• WORK ORDER:
The lines from the start of the records through the one containing "Men's Stainless Steel" are to be restated word for word; please include both ends.
-=-=-
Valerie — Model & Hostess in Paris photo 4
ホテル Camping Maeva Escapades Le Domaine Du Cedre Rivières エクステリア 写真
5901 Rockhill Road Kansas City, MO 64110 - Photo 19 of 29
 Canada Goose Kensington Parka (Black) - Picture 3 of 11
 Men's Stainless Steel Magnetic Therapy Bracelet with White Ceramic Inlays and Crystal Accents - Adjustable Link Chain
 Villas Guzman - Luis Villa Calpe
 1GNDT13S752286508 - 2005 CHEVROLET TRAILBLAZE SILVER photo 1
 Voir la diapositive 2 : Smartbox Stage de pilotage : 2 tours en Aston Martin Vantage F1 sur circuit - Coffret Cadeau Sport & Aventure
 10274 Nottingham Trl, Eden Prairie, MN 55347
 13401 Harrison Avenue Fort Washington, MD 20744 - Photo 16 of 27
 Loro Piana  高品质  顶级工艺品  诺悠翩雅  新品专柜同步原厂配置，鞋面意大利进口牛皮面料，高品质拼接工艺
-=-=-
• SOLUTION:
Valerie — Model & Hostess in Paris photo 4
ホテル Camping Maeva Escapades Le Domaine Du Cedre Rivières エクステリア 写真
5901 Rockhill Road Kansas City, MO 64110 - Photo 19 of 29
 Canada Goose Kensington Parka (Black) - Picture 3 of 11
 Men's Stainless Steel Magnetic Therapy Bracelet with White Ceramic Inlays and Crystal Accents - Adjustable Link Chain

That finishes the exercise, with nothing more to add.